I'm not sure where to start with your justifications. Foremost, I don't want to get into a pissing match here. However, There are scammers everywhere. I'm not sure how you really intend to level the playing field. Some one will certainly figure out away to exploit the the system. You are contradicting your self by saying* why* you are charging these fees. Look above at this thread and your response to me. Lets be honest here, you see and opportunity to make money, and that's OK this is America. In your last statement about building a network of reputable sellers. Are you saying that you are going to insure and have money back guarantees? Or are you saying that because you are charging a percentage to keep people honest?
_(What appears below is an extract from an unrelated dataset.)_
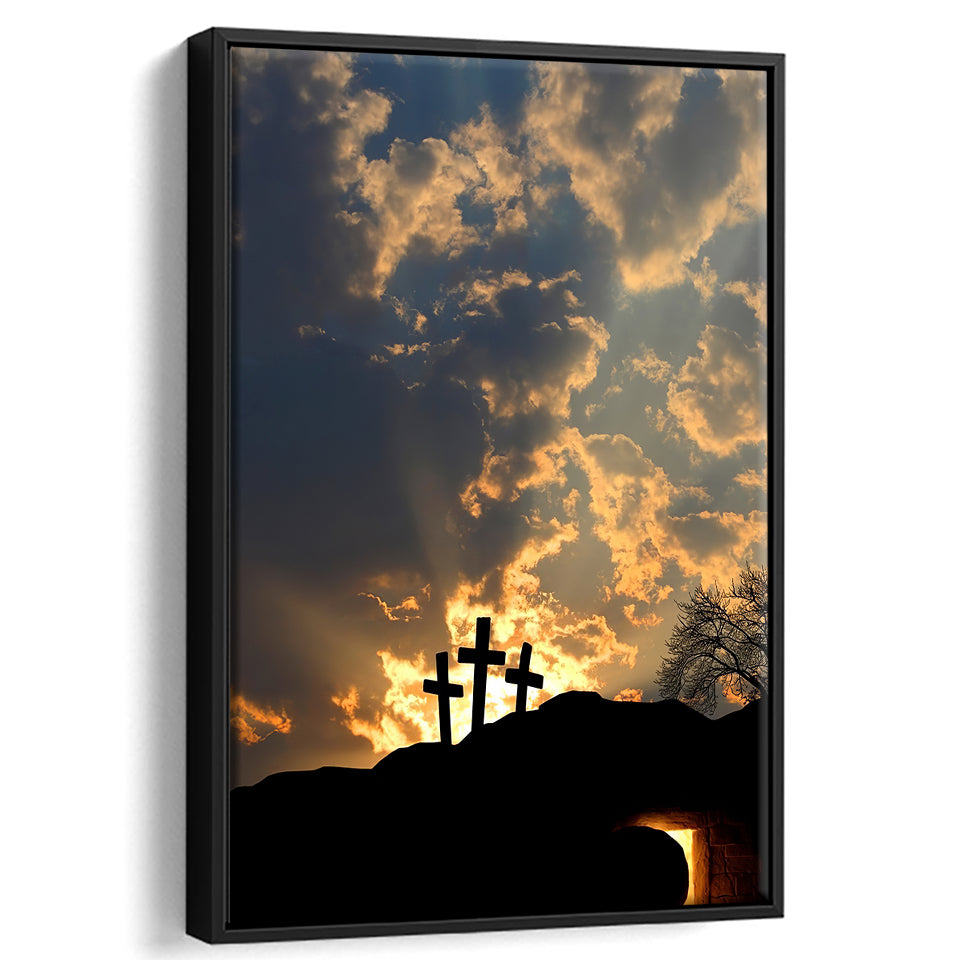 Empty Tomb And Three Crosses Framed Canvas Prints - Painting Canvas, Framed Art, Prints for Sale, Wall Art, Wall Decor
If my local "competitor" wants to come buy my unsold hay, for the going rate that I'm selling it on the street for, then Great! In fact we all know each other around these parts and I'm the first to go to a neighbor and let them know I need to supplement my harvest to help satisfy my hard earned customers. I'm really confused.

Again don't get me wrong, However I do know a bit about business, I not only Farm but also own and run several successful business not associated with farming. Including sales, installation, rentals, national production and E-commerce. With that said, I guess I naturally have a distaste for middlemen.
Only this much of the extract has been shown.